From: Roman Gushchin
Date: Sun Jun 21 2020 - 19:35:48 EST

On Sun, Jun 21, 2020 at 06:57:52PM -0400, Qian Cai wrote:
> On Mon, Jun 08, 2020 at 04:06:35PM -0700, Roman Gushchin wrote:
> > This is v6 of the slab cgroup controller rework.
> >
> > The patchset moves the accounting from the page level to the object
> > level. It allows to share slab pages between memory cgroups.
> > This leads to a significant win in the slab utilization (up to 45%)
> > and the corresponding drop in the total kernel memory footprint.
> > The reduced number of unmovable slab pages should also have a positive
> > effect on the memory fragmentation.
> >
> > The patchset makes the slab accounting code simpler: there is no more
> > need in the complicated dynamic creation and destruction of per-cgroup
> > slab caches, all memory cgroups use a global set of shared slab caches.
> > The lifetime of slab caches is not more connected to the lifetime
> > of memory cgroups.
> >
> > The more precise accounting does require more CPU, however in practice
> > the difference seems to be negligible. We've been using the new slab
> > controller in Facebook production for several months with different
> > workloads and haven't seen any noticeable regressions. What we've seen
> > were memory savings in order of 1 GB per host (it varied heavily depending
> > on the actual workload, size of RAM, number of CPUs, memory pressure, etc).
> >
> > The third version of the patchset added yet another step towards
> > the simplification of the code: sharing of slab caches between
> > accounted and non-accounted allocations. It comes with significant
> > upsides (most noticeable, a complete elimination of dynamic slab caches
> > creation) but not without some regression risks, so this change sits
> > on top of the patchset and is not completely merged in.
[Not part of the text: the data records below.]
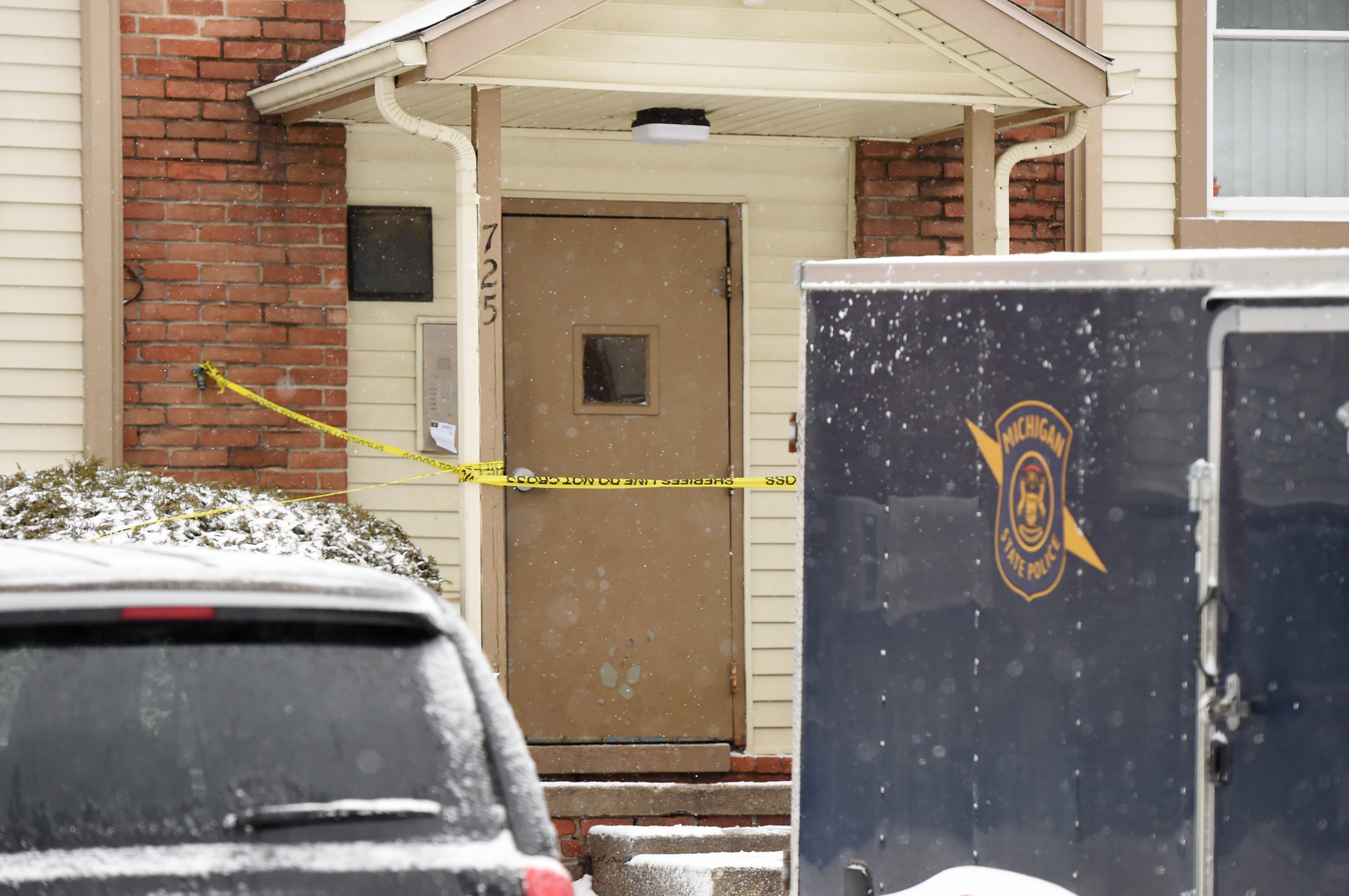 Ypsilanti Mi Shooting - g8z1j4g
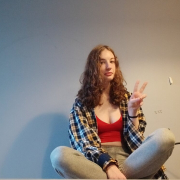 beautyMadison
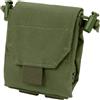 Condor Micro Dump Pouch Marrone Coyote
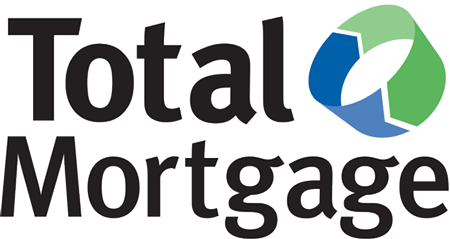 Total Mortgage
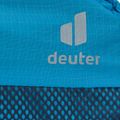 Deuter Wash Bag Tour III Albastru 3930121 3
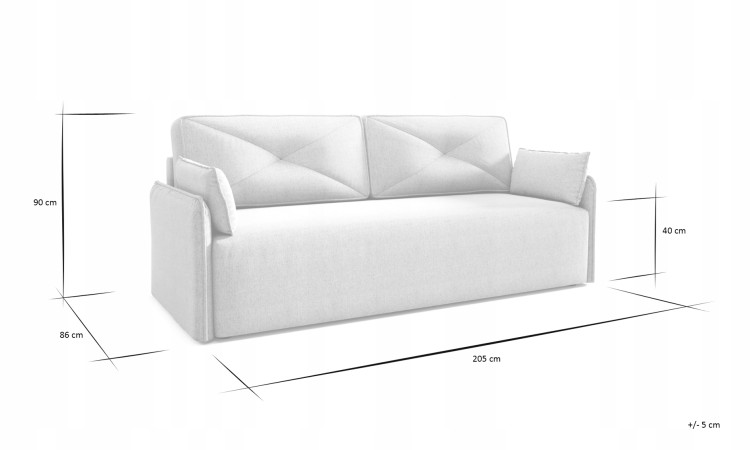 c75d493a45e7bc4067e499990847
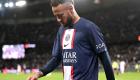 Mercato - PSG : Neymar ouvert à un départ ?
So in the unlikely
> > event of a noticeable performance regression it can be reverted separately.
> Reverting this series and its dependency [1], i.e.,
> git revert --no-edit 05923a2ccacd..07666ee77fb4
> on the top of next-20200621 fixed an issue where kmemleak could report
> thousands of leaks like this below using this .config (if ever matters),
> unreferenced object 0xffff888ff2bf6200 (size 512):

Hi Qian!

My wild guess is that kmemleak is getting confused by modifying the lowest
bit of page->mem_cgroup/obhj_cgroups pointer:

struct page {
union {
struct mem_cgroup *mem_cgroup;
struct obj_cgroup **obj_cgroups;

We're using the lowest bit to distinguish between a "normal" mem_cgroup
pointer and a vector of obj_cgroup pointers.

This pointer to obj_cgroup vector is saved only here, so if we're modifying
the address, I guess it's what makes kmemleak think that there is a leak.

Or do you have a real leak?